Woman's Generosity May Have Been Her Fatal Flaw in the End


Tairree Lynne West had always been one to help others.

When her best friend died several years ago, she adopted the woman's daughter. When a troubled high school friend needed a place to stay, she offered her apartment.

Generosity may have been her tragic flaw.

Police suspect that those who stabbed and strangled West in her El Segundo apartment last week included Erica Olson, 20, a homeless friend to whom West had given a house key. The assailants also slashed the throat of West's adopted daughter, Ashley, 12, and gagged her 6-month-old daughter, Carlie. Both girls survived.

Olson is the friend West chose to style her hair for her wedding in 1992. West's husband is in the Army and stationed in Georgia.

Detectives said Olson might have used her key to let herself and three other assailants into West's apartment during the early morning hours of Feb. 9.

West, 25, had allowed Olson, an El Segundo High School dropout, to stay with her occasionally "out of the goodness of her own heart," said Alan West, Tairree West's father and a city councilman.

"One of my claims to fame is being able to put myself in somebody else's shoes and see things from their point of view," Alan West said, "but (in this case) I absolutely can't."

He said the two young women met years before at school and had kept in touch.

His daughter "saw people who were down and out and had a strong need to help them," West said.

Tairree West's apartment was ransacked and several compact discs and two stereos were stolen and later pawned, police said. A bloodied, eight-inch knife was found at the scene--its blade in one room and handle in another.

During the attack, Ashley was left with a nine-inch gash from her ear to her throat. Ashley and Carlie now will be raised by Allene and Alan West, the councilman said.

Olson and her boyfriend, Robert Brendon Foster, 18, were arrested a few hours after the attack. Linnette O'Neill Blocker, 18, and Marcus Terral Brewington, 19, were arrested the next day.

Detectives say Foster was angry with West because West had told him she did not want him in her apartment. She suspected him of stealing $100 from her car's ashtray, friends said.

The four are expected to be charged with murdering West and attempting to murder Ashley, said Deputy Dist. Atty. Steven Graff Levine. They are scheduled to be arraigned March 1.

Tairree West was adopted by Alan and Allene West, who owned an El Segundo auto repair shop, when she was 4 or 5. The little girl got into some trouble at school, Alan West said, but as she grew older, she settled down and began helping others.

"She once brought home a classmate who had run away from home," he recalled. "We had to find out who she was and call her parents and let them know their child was doing all right."

Tairree West graduated from El Segundo High School in 1986 and enrolled the next year at El Camino Community College. She was taking an algebra class there this semester and had planned to study English or psychology at a four-year college in the fall, her family said.
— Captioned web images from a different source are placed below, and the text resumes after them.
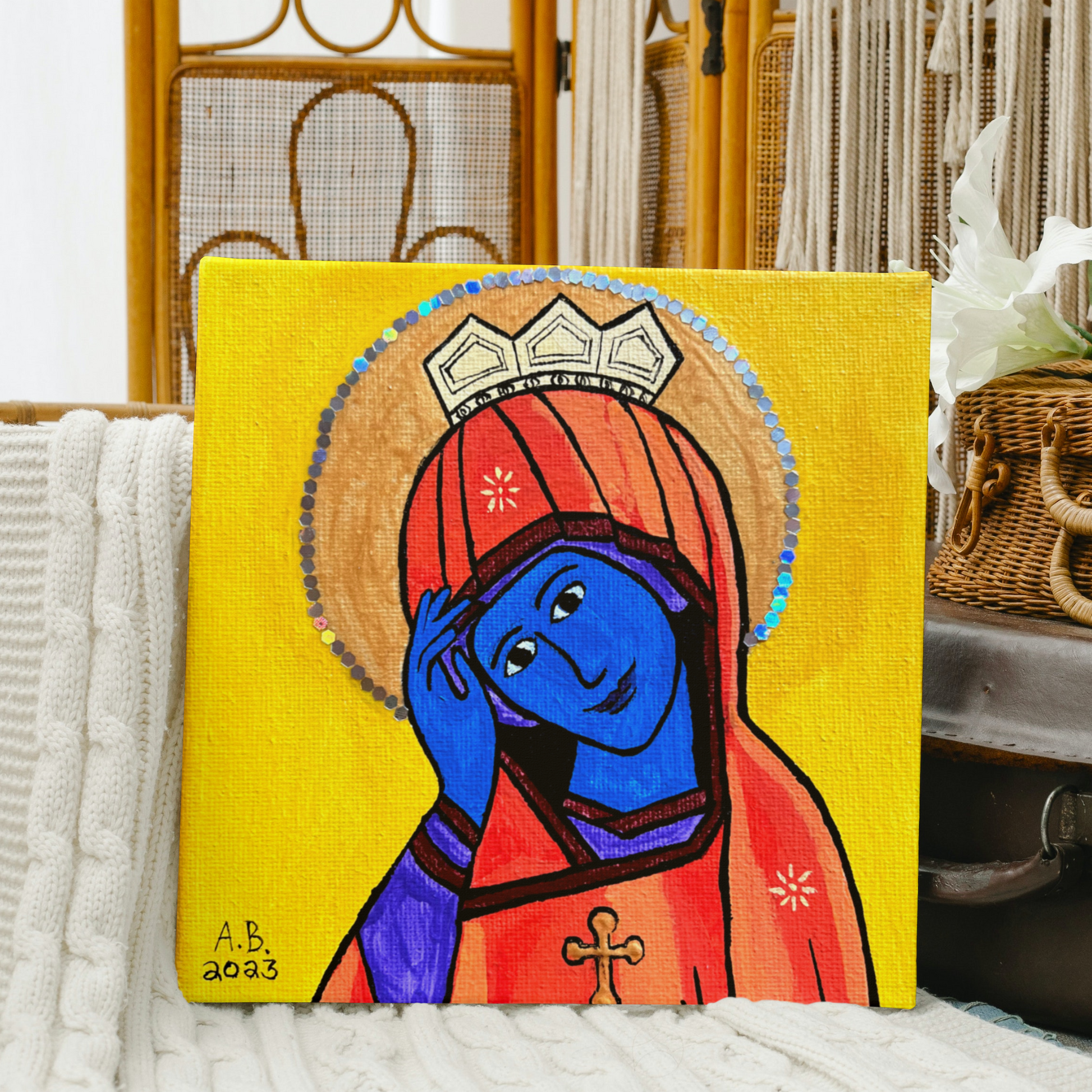 Mary Queen of Heaven Small Square- Print - Arjuna Rigby Art and Lifestyle Store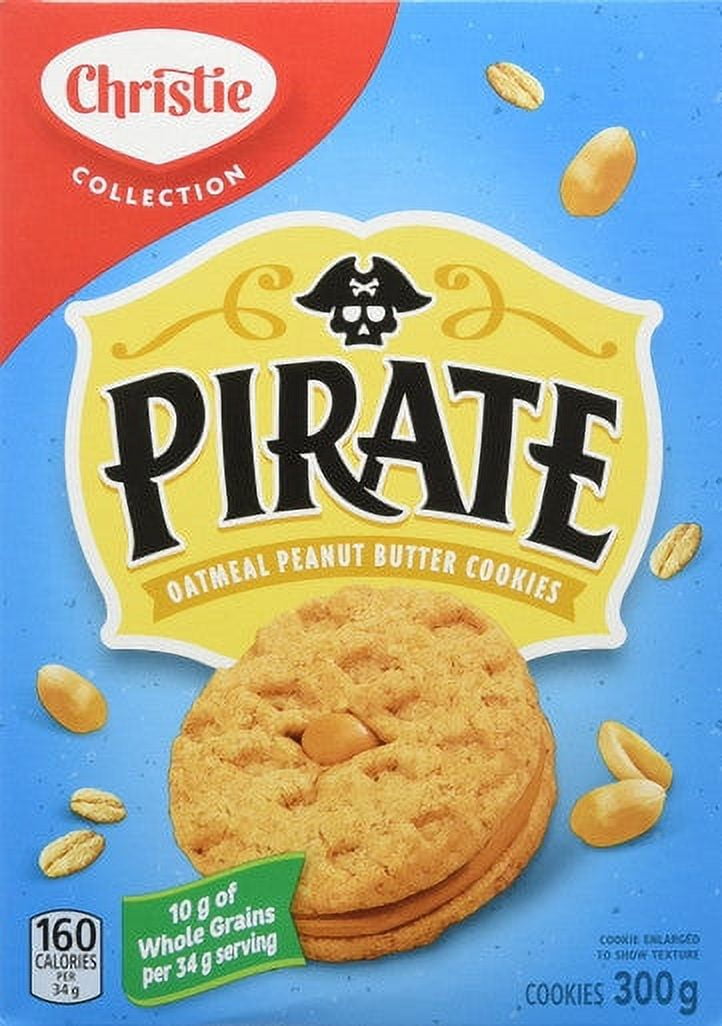 Christie Peek Freans Pirate Peanut Butter Oatmeal Cookies, 300g/10.6 oz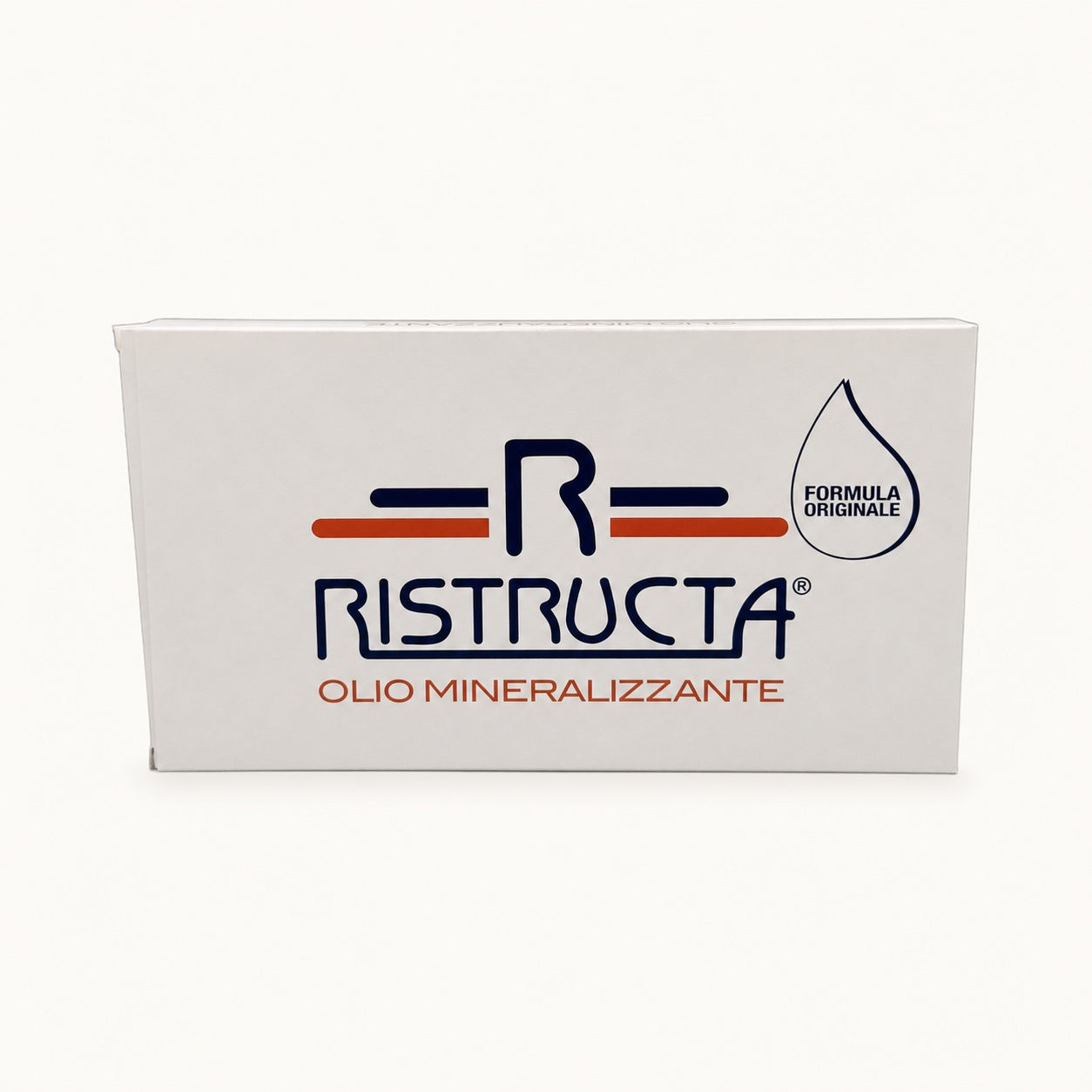 Ristructa Olio Mineralizzante fiale — scatola aperta su fondo crema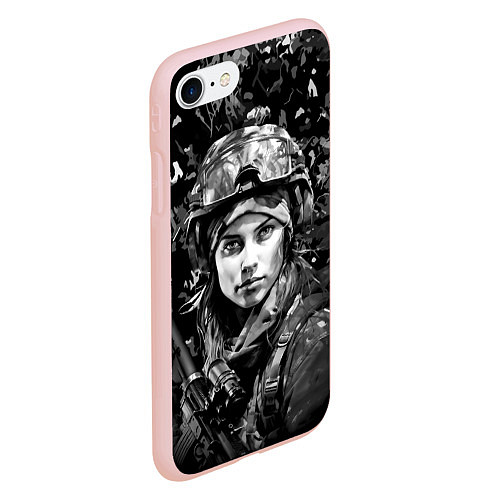 Чехол iPhone 7/8 матовый Красотка снайпер в камуфляже / 3D-Светло-розовый – фото 2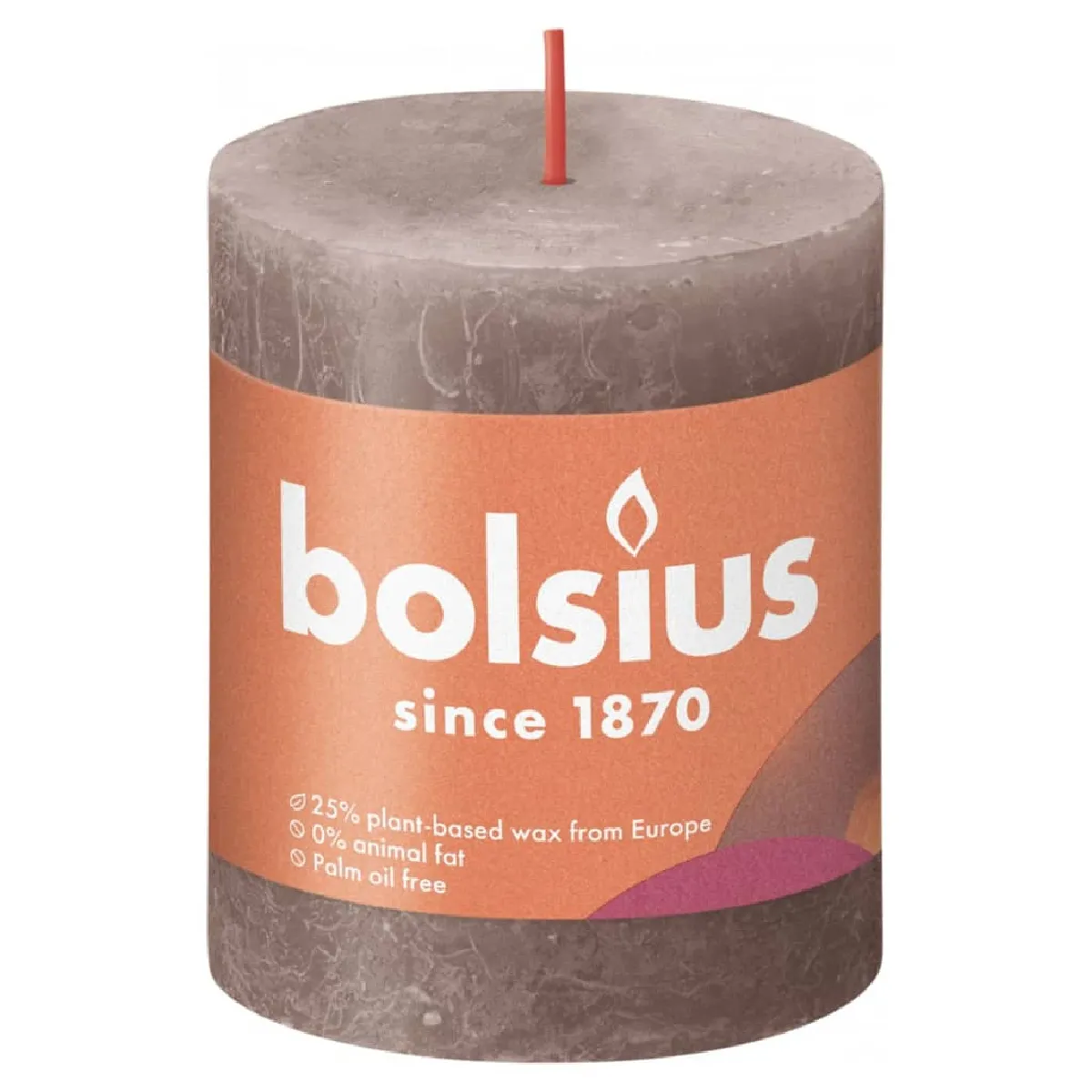 Bolsius Bougies pilier Shine 4 pcs Taupe rustique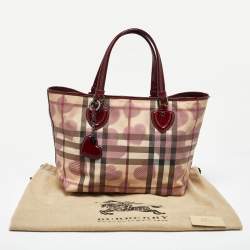 Pre Owned Burberry Beige/Burgundy Heart Print Check PVC and Patent Leather Brit Tote
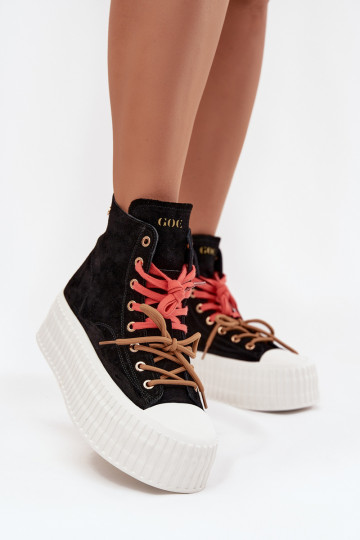 de gamuza calentamiento Zapatos de ocio con una plataforma GOE SS2N4046 de color negro 2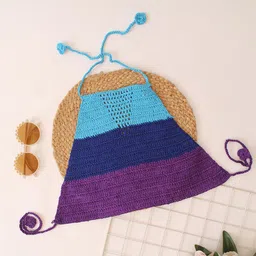 Woonie Cotton Halter Neck Colour Blocked Crochet Top - Blue-picture-33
She met her husband, Karl Davis of Manhattan Beach, at the college, and in December, 1992, they married. When Davis was stationed in Georgia with the Army, she decided not to join him because they feared he would be sent to Somalia, and she would be left alone in an unfamiliar state.

She stayed with her parents until six months ago, when she moved into the apartment on Imperial Avenue. In addition to taking care of her children and going to class, she worked part time at her brother Steve's El Segundo cleaning business.

"My sister is the epitome of what society should be doing to help the homeless," Steve West said. But "she helped and look what happened to her. She got burned."

Ashley is doing well, Allene West said. The 30 stitches that closed the gash in her neck were removed Monday and the scar likely will be hidden under her chin, she said.

Soon, Ashley is expected to return to El Segundo Middle School, where she is a sixth-grader, and to continue studying dance and acting at a Hollywood studio. She visited Disneyland on Tuesday.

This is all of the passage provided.